A few things to pay attention to when implementing K-Means Algorithm

  • Always normalise the features (zero-mean, better scaling)
  • Local optimal is possible, depending on the initial K centroids used. Therefore, we should randomly initialise the K centroids many times and choose the one with the minimum cost function
  • Choosing the K number: Elbow Method is not always good. It is better to choose the K number that best serves the downstream purpose.

Dimension Reduction Motivation

By working with lower dimensional data, we have the following advantages:
  • Our learning algorithms can often run much much faster
  • Use less memory or disk space
  • Visualise data in a 2D plot if k = 2, or in a 3D plot if k = 3

 

PCA (Principle Component Analysis) algorithm

PCA finds a low dimensional "surface" onto which to project the training examples so that the sum of the projection errors is minimised.

Projection error means the projection distance which is the distance between points (All training examples X) and the projections.
Think about each training example x as a point in a 3D space, and the "surface" as a 2D plane in the 3D space, the distance of the projection from the point x onto the 2D plane is the projection error (projection distance).
Let's say we have an n-dimensional training example, and we want to reduce it to a k-dimensional training example.
The PCA will find k vectors - u(1), u(2), ..., u(k), which will define the "surface".
u(1) .. u(k) are called eigenvectors or principal components.
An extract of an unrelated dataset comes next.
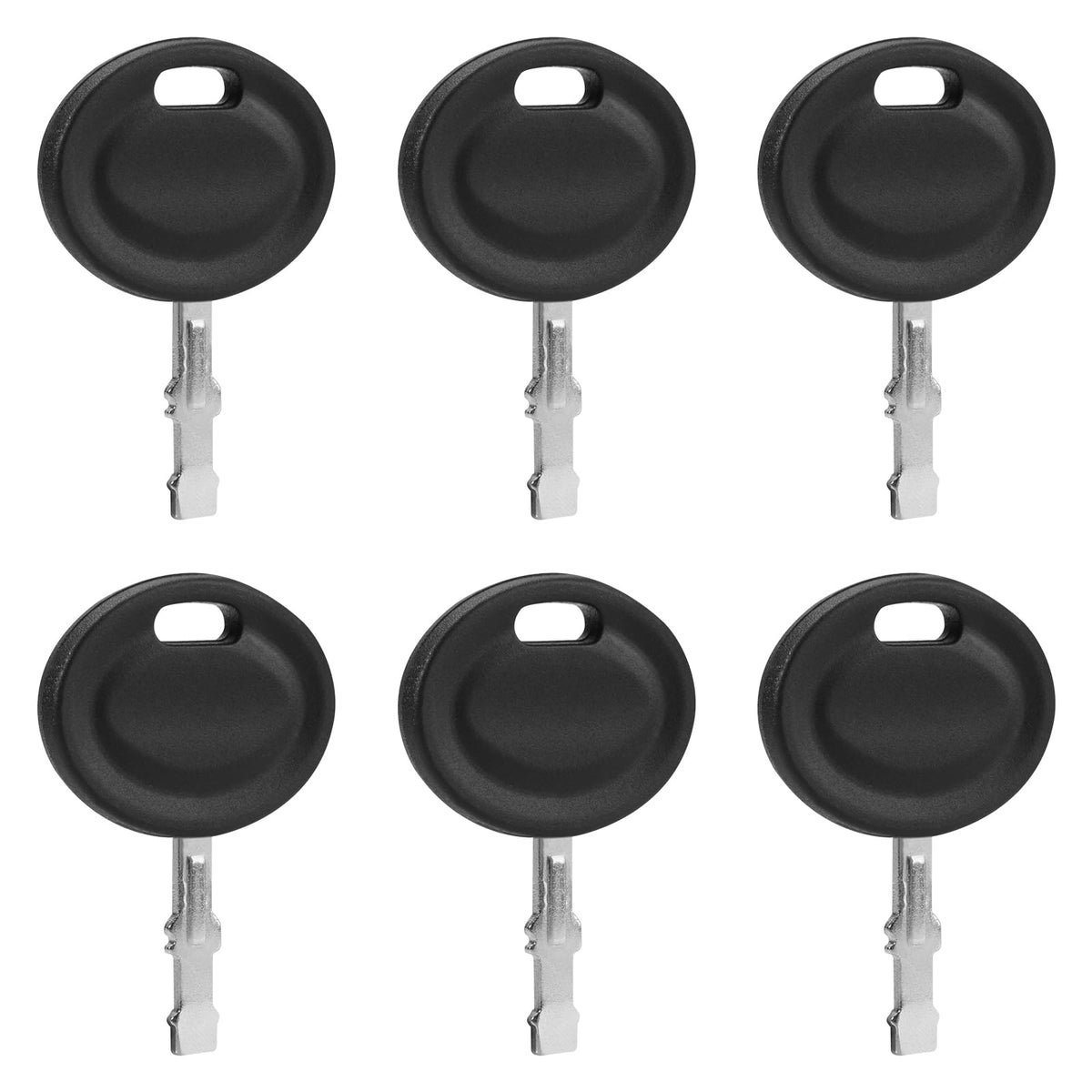 VIDABTE ignition key for Troy-Bilt mower, precise fit for smooth operation.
How to reduce a training example from n dimension to k dimension?

X the training set, is an n*m matrix
  1. Sigma = (1/m)*X'*X, the covariance matrix
  2. [U,S,V] = svd(Sigma), take the U, n*n matrix, which are the eigenvectors (the principle components)
  3. Ureduce = U(:, 1:k), meaning take the first k columns of U, name it Ureduce, a n*k matrix
  4. z = Ureduce'*x transform each training example x into a k dimensional vector


Reconstruction from Compressed Representation

One can easily reconstruct each training example x (n-dimensional) from the compressed representation (k-dimensional) using xapprox = Ureduce*z

How to choose k (number of principal components)?
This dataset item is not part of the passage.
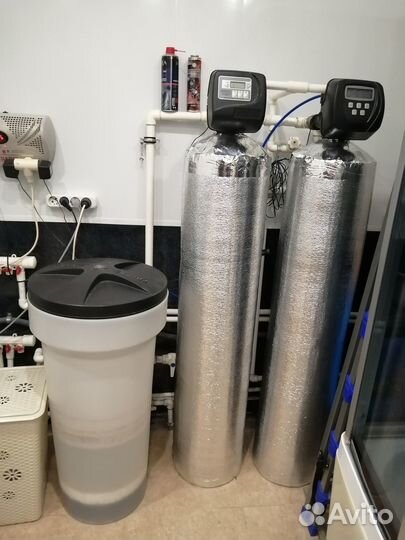 Фильтр для воды с гарантией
Choose a (smallest value of) k so that "99% of variance is retained". Yes, we should try to retain as much variance as possible.

Is it possible to apply the mapping x -> z to cross validation and test set?
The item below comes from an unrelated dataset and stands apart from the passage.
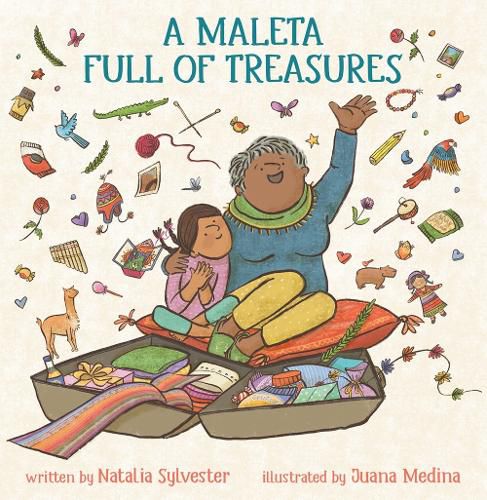 Cover image for A Maleta Full of Treasures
Yes, you should apply the same mapping x -> z you get from running PCA on the training set.

Caveat

Do not do PCA systematically in your ML system design, only apply PCA when your learning algorithm runs too slow. 

Dimension Reduction showcase

On the left side of the following figure is the original features, each training example (face) is represented by 1024 pixels. When choosing only 100 principal components (reduction of factor of 10), we reduce the dimension of each training example from 1024 to 100. On the right side of the figure is the reconstructed features. Even some informations are lost by dimension reduction, the faces are still recognisable and we 10 times less features to compute.

The eigenvectors

Each of the following faces represents an eigenvector. Each eigenvector transforms one original 1024 dimensional (pixel) training example to 1 pixel of the 100 dimensional (pixel) reduced training example. The figure shows only the first 36 principle components:

Stanford Machine Learning Week 7 review

What is SVM (Support Vector Machine)?

SVM is like logistical regression. It has the same way to solve z, which is ϴ'*X.
The difference is the cost function. SVM's cost function is two simple straight lines for y == 1; and symmetrically, two other straight lines for y == 0.
This is computationally more efficient. It also makes effort to make θ'*x ≥ 1 when y = 1 (not merely making θ'*x ≥ 0 ), and make tθ'*x ≤ -1 when y = 0 (not merely making θ'*x ≤ 0).

By solving the minimization of (this modified version of) cost function SVM, thanks toLarge Margin Technique, we can draw a linear line (if features are not polynomial), we will get the final ϴ, separating the positives (h=1) and negatives(h=0) for classification problem.

What is Large Margin?

With Large Margin, we can draw a line that separates the positive points from the negative points. Large Margin guaranties to have a large minimum length of projection from each point to that boundary line. 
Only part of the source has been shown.